Which lines run from the line with "第127话 无可奈何的分离（3）-第128话" through the line with "MTX20L-BS（G） 【互換 YTX…" in the entries below? Print them exactly, both ends included, and nothing more.

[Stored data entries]
* * * * * * *

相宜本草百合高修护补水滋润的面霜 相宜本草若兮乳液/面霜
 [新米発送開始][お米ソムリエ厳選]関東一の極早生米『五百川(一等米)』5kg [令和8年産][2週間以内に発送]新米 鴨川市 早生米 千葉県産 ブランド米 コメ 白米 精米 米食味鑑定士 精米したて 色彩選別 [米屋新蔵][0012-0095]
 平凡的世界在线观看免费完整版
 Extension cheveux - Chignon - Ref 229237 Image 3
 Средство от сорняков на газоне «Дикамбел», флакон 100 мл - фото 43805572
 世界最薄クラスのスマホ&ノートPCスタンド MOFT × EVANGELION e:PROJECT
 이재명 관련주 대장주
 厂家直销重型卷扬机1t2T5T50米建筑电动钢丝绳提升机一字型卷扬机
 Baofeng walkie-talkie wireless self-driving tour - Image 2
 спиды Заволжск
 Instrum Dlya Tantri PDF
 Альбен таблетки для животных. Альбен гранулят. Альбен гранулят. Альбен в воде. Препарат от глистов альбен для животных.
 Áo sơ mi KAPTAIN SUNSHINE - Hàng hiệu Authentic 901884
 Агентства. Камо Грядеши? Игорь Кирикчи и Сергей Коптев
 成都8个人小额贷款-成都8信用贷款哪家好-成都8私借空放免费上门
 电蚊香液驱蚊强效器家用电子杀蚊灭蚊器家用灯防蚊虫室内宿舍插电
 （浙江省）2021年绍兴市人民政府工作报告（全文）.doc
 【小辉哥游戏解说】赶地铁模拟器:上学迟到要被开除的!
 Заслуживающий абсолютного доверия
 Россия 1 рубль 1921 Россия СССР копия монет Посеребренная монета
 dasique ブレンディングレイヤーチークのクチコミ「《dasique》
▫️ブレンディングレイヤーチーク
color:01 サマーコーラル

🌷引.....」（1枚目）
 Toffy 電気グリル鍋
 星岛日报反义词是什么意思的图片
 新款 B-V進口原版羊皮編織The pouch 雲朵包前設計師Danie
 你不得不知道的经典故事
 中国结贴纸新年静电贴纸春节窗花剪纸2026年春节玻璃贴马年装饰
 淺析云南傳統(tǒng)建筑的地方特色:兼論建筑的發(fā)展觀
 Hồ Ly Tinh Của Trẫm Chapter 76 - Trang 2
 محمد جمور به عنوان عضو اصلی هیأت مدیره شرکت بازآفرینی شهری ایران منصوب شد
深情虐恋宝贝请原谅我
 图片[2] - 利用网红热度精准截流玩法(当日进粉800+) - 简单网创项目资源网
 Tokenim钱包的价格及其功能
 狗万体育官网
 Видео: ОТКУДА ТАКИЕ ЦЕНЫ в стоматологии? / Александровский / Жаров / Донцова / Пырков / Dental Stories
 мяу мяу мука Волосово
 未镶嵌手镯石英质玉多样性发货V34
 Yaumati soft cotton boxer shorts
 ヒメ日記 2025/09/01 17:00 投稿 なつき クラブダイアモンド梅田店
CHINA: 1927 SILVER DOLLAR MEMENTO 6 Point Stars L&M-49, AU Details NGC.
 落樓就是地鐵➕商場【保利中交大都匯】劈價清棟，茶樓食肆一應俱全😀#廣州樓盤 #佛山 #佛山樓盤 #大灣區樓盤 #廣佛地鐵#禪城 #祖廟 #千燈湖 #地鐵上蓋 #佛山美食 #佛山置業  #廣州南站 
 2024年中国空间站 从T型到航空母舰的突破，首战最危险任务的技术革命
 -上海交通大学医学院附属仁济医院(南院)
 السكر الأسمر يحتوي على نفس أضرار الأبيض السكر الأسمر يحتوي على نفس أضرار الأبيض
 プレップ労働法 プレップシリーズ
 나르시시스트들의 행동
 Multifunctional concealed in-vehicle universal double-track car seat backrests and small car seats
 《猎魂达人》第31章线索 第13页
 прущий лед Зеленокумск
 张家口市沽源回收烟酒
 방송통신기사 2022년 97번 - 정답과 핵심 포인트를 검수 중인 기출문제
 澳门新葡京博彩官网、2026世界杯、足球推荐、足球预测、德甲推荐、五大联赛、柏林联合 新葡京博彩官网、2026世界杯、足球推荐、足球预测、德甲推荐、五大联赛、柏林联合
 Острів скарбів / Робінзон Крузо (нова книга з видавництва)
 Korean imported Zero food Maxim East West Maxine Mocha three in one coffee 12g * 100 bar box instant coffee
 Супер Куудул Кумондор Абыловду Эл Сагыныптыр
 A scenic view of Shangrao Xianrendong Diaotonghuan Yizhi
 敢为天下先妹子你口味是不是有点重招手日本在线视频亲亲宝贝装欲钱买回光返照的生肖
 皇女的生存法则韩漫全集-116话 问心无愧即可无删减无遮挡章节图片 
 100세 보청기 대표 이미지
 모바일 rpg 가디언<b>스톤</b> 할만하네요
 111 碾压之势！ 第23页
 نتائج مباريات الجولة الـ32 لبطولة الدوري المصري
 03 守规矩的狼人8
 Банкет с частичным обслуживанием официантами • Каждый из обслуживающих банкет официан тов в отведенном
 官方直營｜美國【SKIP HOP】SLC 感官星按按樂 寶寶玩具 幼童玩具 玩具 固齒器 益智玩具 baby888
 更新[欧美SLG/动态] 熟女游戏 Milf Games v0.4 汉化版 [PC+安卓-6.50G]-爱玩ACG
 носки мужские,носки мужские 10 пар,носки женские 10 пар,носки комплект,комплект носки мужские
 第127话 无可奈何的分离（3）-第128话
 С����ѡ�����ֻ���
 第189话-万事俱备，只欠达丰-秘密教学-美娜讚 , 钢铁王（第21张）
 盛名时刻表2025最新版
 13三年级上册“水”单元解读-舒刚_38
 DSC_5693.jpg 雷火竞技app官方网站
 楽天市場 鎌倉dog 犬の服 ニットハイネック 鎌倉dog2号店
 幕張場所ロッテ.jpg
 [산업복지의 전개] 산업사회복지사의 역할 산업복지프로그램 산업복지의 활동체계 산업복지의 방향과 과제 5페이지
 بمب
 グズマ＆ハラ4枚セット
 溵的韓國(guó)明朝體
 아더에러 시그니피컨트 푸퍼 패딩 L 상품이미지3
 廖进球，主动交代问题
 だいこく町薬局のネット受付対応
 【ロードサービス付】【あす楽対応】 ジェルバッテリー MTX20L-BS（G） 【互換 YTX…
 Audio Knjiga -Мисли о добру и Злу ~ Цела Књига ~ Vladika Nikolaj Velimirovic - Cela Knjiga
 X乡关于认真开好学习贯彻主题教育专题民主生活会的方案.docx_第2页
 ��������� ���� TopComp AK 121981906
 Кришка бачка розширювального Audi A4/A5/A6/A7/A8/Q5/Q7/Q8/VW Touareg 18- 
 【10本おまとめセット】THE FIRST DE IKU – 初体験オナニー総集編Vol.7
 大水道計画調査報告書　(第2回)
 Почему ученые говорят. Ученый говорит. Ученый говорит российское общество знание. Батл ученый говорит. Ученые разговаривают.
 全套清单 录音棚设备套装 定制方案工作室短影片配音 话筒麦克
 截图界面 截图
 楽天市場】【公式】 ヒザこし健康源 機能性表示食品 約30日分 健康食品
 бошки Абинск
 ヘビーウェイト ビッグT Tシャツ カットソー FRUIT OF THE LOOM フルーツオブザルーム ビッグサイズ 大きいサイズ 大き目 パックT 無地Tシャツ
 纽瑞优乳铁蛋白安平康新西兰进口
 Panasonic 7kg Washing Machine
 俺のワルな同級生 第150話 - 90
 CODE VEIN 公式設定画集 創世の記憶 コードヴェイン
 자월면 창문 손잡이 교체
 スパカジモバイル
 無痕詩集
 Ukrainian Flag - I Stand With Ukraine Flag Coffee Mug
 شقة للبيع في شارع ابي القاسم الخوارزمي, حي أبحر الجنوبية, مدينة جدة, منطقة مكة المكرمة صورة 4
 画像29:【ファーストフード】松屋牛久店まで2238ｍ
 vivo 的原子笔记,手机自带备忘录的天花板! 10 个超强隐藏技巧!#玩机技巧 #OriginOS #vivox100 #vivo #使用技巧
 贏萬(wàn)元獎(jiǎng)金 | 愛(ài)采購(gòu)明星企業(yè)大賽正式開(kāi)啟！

* * * * * * *

### Problem solution
 第127话 无可奈何的分离（3）-第128话
 С����ѡ�����ֻ���
 第189话-万事俱备，只欠达丰-秘密教学-美娜讚 , 钢铁王（第21张）
 盛名时刻表2025最新版
 13三年级上册“水”单元解读-舒刚_38
 DSC_5693.jpg 雷火竞技app官方网站
 楽天市場 鎌倉dog 犬の服 ニットハイネック 鎌倉dog2号店
 幕張場所ロッテ.jpg
 [산업복지의 전개] 산업사회복지사의 역할 산업복지프로그램 산업복지의 활동체계 산업복지의 방향과 과제 5페이지
 بمب
 グズマ＆ハラ4枚セット
 溵的韓國(guó)明朝體
 아더에러 시그니피컨트 푸퍼 패딩 L 상품이미지3
 廖进球，主动交代问题
 だいこく町薬局のネット受付対応
 【ロードサービス付】【あす楽対応】 ジェルバッテリー MTX20L-BS（G） 【互換 YTX…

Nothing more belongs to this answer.